Making The Bad News Good

by Bernard McCormick Tuesday, July 31, 2012 No Comment(s)

The big bad news story today is the Postal Service is in danger of being shut down. We have an emotional attachment to this issue, having once labored for the Postal Service. That is, if you count the days when college kids used to pick up handy change by working to back up the pros for the Christmas rush. The trick was to try to stay on the clock for 24 hours straight. That was possible, but rarely achieved because there was always some full-time party pooper who would find us sleeping in the basement around 4 in the morning. He would wake everybody up and make us clock off, but about an hour later the trucks would roll in with bags and bags of new mail, and shortly we would be out on the street with the first delivery.

That usually took a few hours, and each time you worked the same route it got a little faster. Then, if you chose well, which meant a route in your own neighborhood, you could walk home and catch a few hours sleep before you had to check the designated box and start out on the day's afternoon delivery. That took a few hours, and by the time you got back to the office, trucks were lined up bringing the next day's mail for sorting. If you had the right connections, and we did (Dad knew Mr. Loyons, the postmaster) then you could stay on the clock and help with the sorting. That lasted well into the night and was educational. You learned to use modern miracles such as a machine that wrapped string around bundles of mail. When that job was completed, you went into hiding, in the basement, with maybe a dozen other savvy guys – until the party pooper caught you and insisted on clocking everybody off. But 22 out of 24 hours wasn't bad. Especially when you knew what you were doing was important to people.

Alas, today's mail seems not so important. The combination of package delivery services, and the Internet have cut severely into Postal Service revenues, so much so that we face a question of whether this great institution can service, or should? Our vote is that it should, and a possible salvation combines two concepts we have covered in the past. The answer is one word. Trains. And specifically commuter trains. They are making a comeback, all over the country. You can now get from New York to Philadelphia in a little more than an hour. With that speed, the Postal Service could enjoy a new birth, with same-day delivery. That would not compete with the Internet, but it sure would compete with the package delivery companies, and we all know that is a big part of mail today. As state after state, including Florida, began to recognize the value of trains for short- and mid-range trips (say Fort Lauderdale to Orlando) it will be possible to make those trips in a few hours. Going back to the old system of sorting on trains, made infinitely faster by the lights of technology, it should be possible to off load delivery vehicles at various stations (perhaps 20 miles apart), which can reach the destinations before the sun sets.

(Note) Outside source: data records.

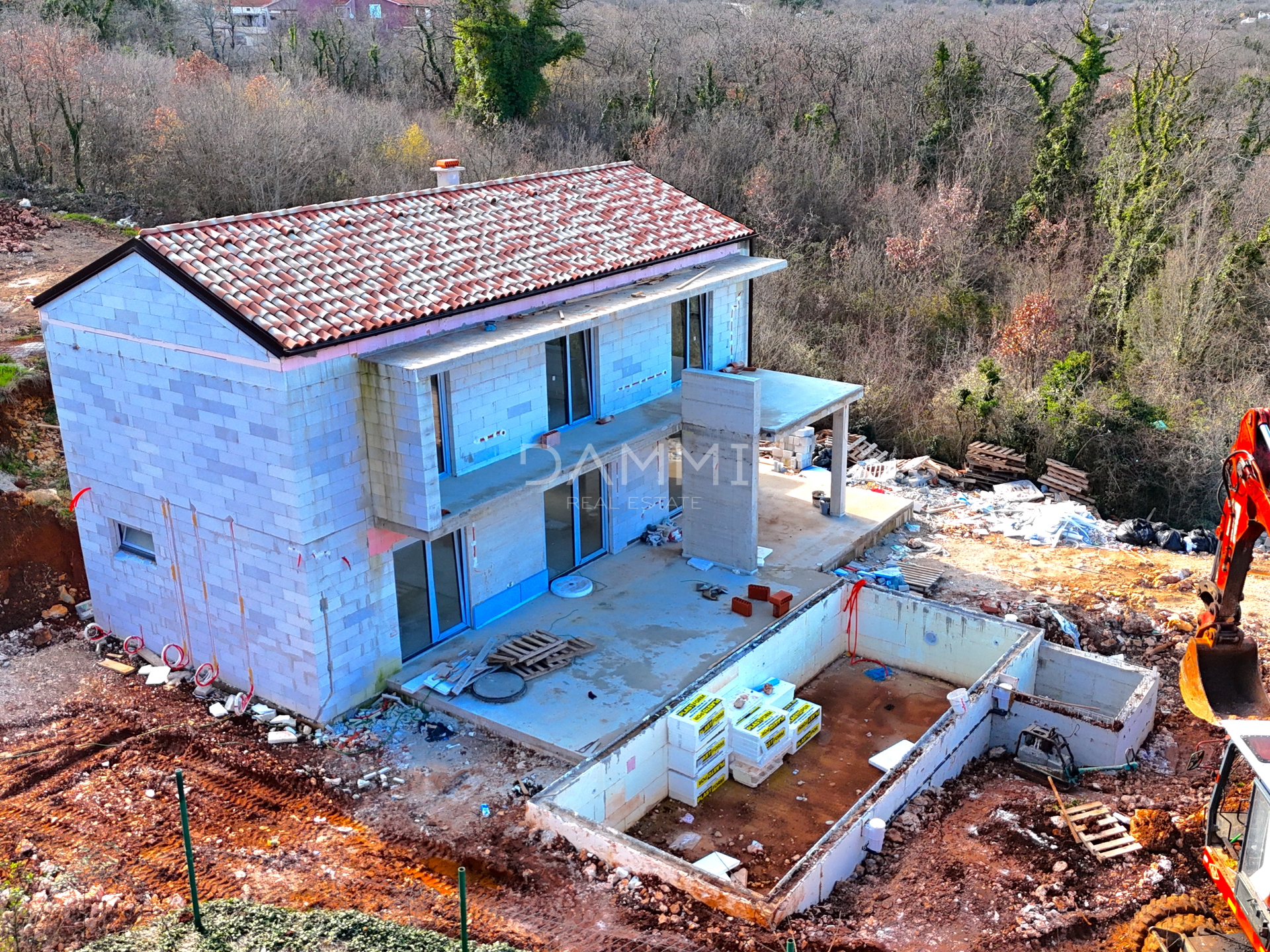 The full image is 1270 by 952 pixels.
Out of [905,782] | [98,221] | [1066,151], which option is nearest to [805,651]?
[905,782]

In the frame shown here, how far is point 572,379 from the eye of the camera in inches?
712

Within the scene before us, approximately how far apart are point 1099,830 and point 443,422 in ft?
32.6

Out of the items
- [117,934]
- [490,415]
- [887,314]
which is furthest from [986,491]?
[117,934]

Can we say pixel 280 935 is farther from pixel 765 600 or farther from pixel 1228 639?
pixel 1228 639

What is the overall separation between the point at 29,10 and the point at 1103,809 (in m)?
45.5

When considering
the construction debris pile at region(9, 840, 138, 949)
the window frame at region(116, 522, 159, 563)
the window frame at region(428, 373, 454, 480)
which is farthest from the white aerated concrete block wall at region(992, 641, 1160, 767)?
the window frame at region(116, 522, 159, 563)

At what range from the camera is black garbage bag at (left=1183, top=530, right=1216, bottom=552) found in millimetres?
20906

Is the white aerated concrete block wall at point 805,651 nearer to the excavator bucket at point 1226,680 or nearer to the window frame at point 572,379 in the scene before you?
the excavator bucket at point 1226,680

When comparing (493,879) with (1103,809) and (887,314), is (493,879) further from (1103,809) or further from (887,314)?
(887,314)

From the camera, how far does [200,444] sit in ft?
47.8

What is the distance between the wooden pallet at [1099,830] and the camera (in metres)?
12.4

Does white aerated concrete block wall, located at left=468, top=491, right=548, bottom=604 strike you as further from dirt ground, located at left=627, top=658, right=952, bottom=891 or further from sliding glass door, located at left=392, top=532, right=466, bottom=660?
dirt ground, located at left=627, top=658, right=952, bottom=891

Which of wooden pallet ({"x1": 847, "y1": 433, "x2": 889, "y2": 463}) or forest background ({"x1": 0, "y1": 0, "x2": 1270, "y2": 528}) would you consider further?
forest background ({"x1": 0, "y1": 0, "x2": 1270, "y2": 528})

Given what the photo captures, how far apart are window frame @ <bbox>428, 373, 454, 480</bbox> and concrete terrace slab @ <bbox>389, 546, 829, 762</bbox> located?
264 centimetres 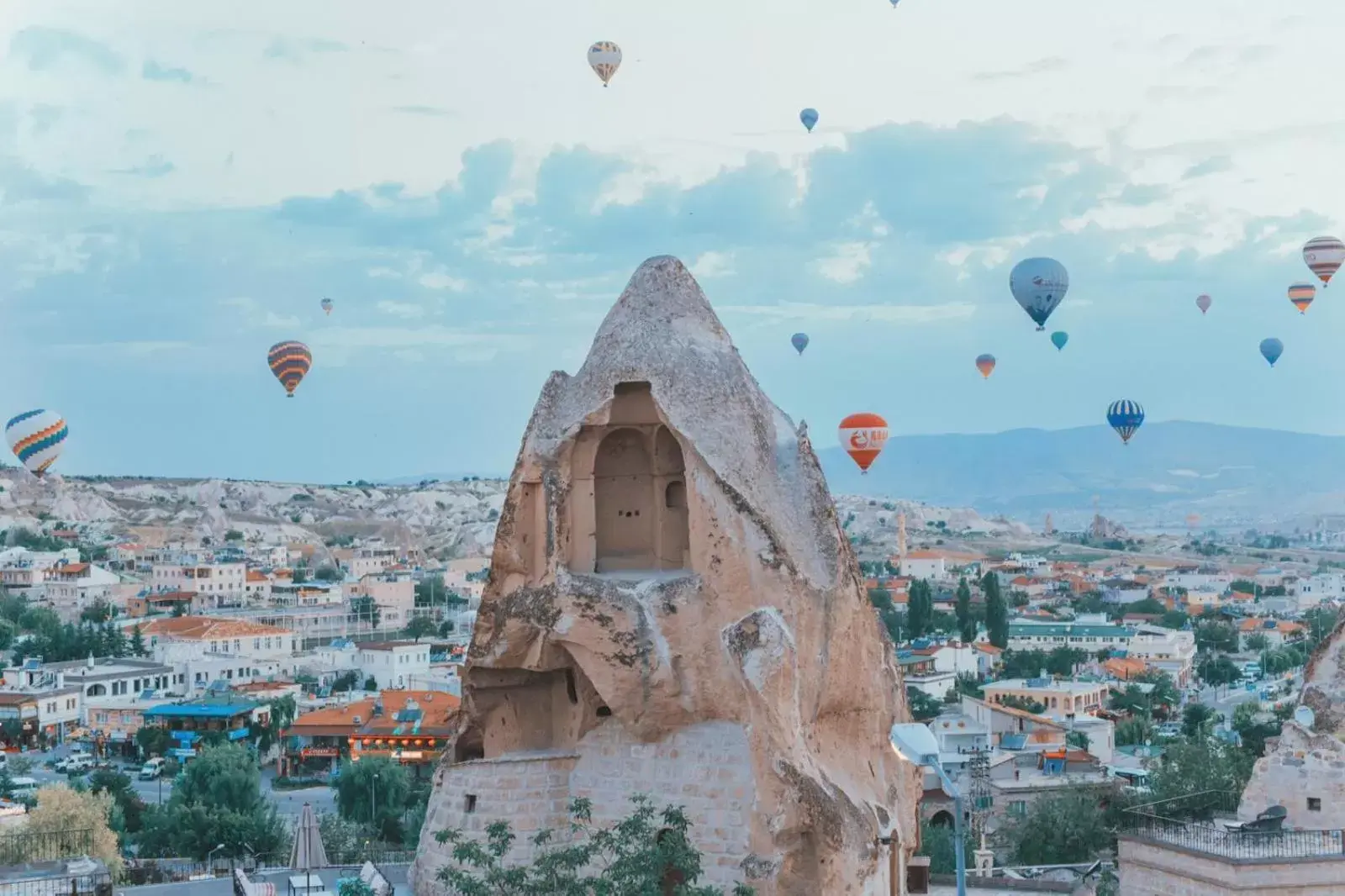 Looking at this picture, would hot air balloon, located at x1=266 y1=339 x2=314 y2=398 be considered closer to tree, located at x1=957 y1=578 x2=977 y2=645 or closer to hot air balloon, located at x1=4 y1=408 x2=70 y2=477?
hot air balloon, located at x1=4 y1=408 x2=70 y2=477

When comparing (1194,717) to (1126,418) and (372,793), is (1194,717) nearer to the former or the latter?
(1126,418)

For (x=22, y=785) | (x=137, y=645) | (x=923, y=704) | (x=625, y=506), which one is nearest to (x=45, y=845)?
(x=625, y=506)

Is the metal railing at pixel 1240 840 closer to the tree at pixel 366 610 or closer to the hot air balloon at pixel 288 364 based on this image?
the hot air balloon at pixel 288 364

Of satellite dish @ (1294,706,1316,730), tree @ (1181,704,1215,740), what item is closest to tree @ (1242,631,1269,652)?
tree @ (1181,704,1215,740)

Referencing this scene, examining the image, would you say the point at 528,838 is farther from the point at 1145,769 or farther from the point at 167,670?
the point at 167,670

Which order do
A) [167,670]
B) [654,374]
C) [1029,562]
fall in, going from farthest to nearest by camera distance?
[1029,562] < [167,670] < [654,374]

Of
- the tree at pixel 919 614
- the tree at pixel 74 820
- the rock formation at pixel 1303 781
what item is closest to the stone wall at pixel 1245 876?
the rock formation at pixel 1303 781

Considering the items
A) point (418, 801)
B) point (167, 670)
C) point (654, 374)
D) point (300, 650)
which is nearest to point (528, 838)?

There is clearly a market for fast delivery. Anybody in business knows that speed counts. Sales people have the urge to get things out immediately, and not worry about the cost. The package delivery services, offering next-day delivery, have proved it for years. Which is why commuter, and the growing number of mid-range trains, connecting cities within a few hundred miles, offer such opportunity. Not only could same-day delivery produce the revenues to make such trains less of money losers, and possibly even profitable in high-traffic markets, they are positioned to serve the areas where most packages and high-priority mail is headed.

This idea of meshing two needed services, fast passenger rail and fast package delivery, is not unrecognized. A proposed inter-city service in the Midwest has factored the idea into its proposed operating plan. And not long ago we had a conversation with an important Tri-Rail figure. It was an informal meeting, so his name should not be used, but when we threw out the idea of using Tri-Rail for same-day package delivery, his response was immediate: "That," he said, "is an interesting idea." Is it interesting enough to save the Postal Service?